Winning Discussions: Ad Hominem (Effective Pirating)
Logical fallacies are techniques that people use to make an argument appear convincing even when it is wrong. Learning how to identify and refute logical fallacies is one of the best ways to win in a discussion. Catching an opponent committing a fallacy will force him to retract his error or he will appear foolish or manipulative to his audience. There is a dark side to this. Once you learn to identify logical fallacies you will also be able to use them. Do not deliberately use them against fellow Pirates; it is extreme bad manners and you will most probably be caught out.
The Logical Fallacy – Ad Hominem
The term is Latin for “against the man”. This is where someone attacks the person who is making an argument instead of attacking the argument itself. It is the favourite weapon of trolls and politicians and should be despised by Pirates. Anyone making this sort of attack does not deserve the name of Pirate. Usually the attack made is untrue or a distortion of the facts but in any case it it the validity of the argument made that is in question. It may also take the form of impugning someone’s character and race and gender are often used. While always keeping in mind that the argument being attacked may well be incorrect, the person making the ad hominem attack is poisoning the atmosphere and undermining the democratic process in a pernicious way.

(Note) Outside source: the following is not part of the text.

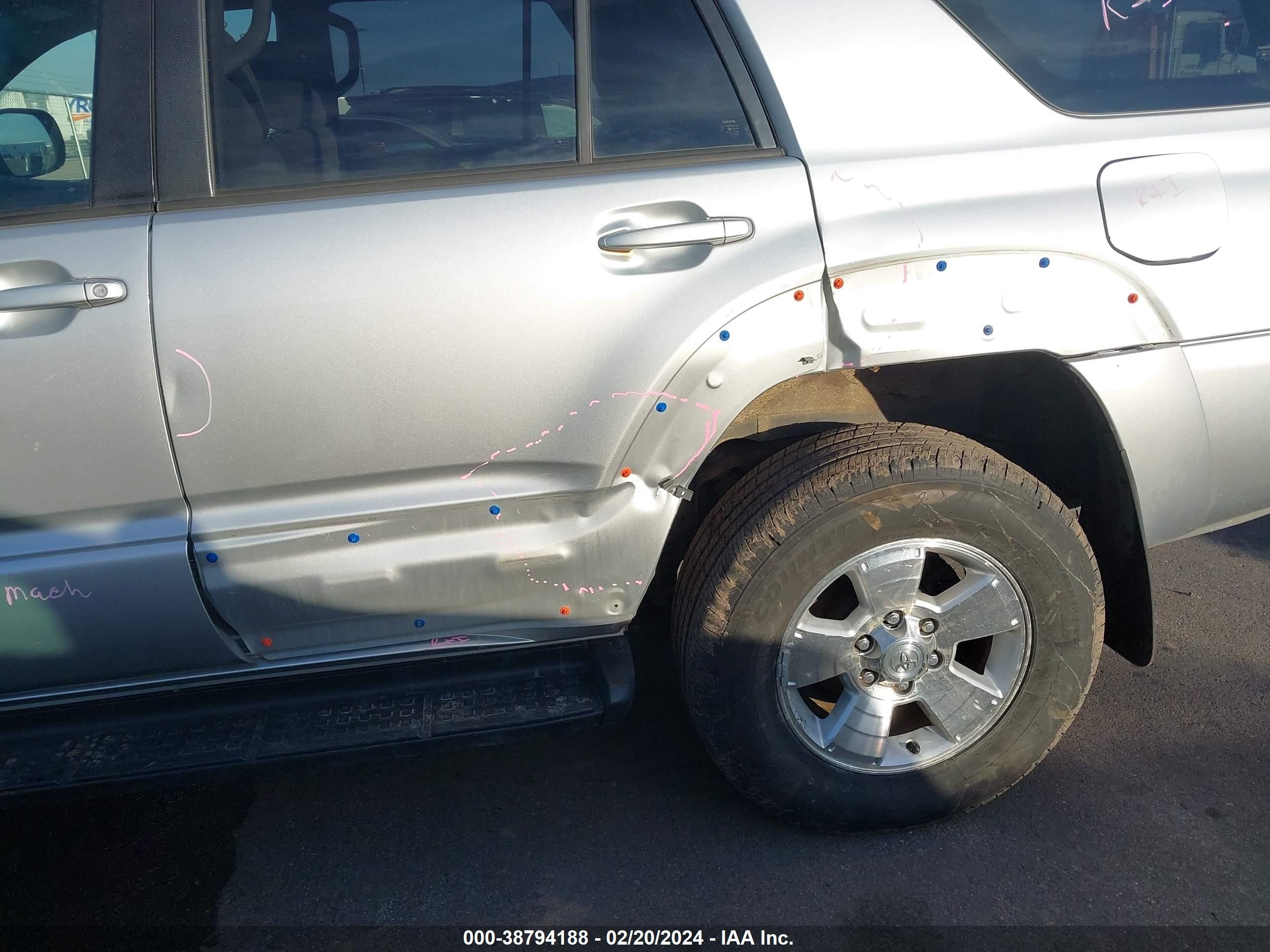 Photo 5 VIN: JTEBU14R450069322 - TOYOTA 4RUNNER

Any Pirate who continues to attack fellow Pirates in this way, despite warnings, should not allowed to continue in the Party. There can be no “free speech” defence for malicious attacks withing the Party.
See also Poisoning the Well
Sara is a feminist so what she said is rubbish. Jack is a men’s rights proponent so what he said is anti women.
John has a mental illness so you can see why he said that.
Ali is a Muslim so his attitudes are tainted by jihadism.
Joan’s husband is a banker so she has no moral right to speak on behalf of the poor.
You can read more about the ad hominemlogical fallacy in a wikipedia post and logical fallacies in general in this wikipedia article.
Remember that just because someone commits a logical fallacy it does not mean their argument is necessarily incorrect. If you have the time and resources then use the principles of scepticism to test their reasoning objectively.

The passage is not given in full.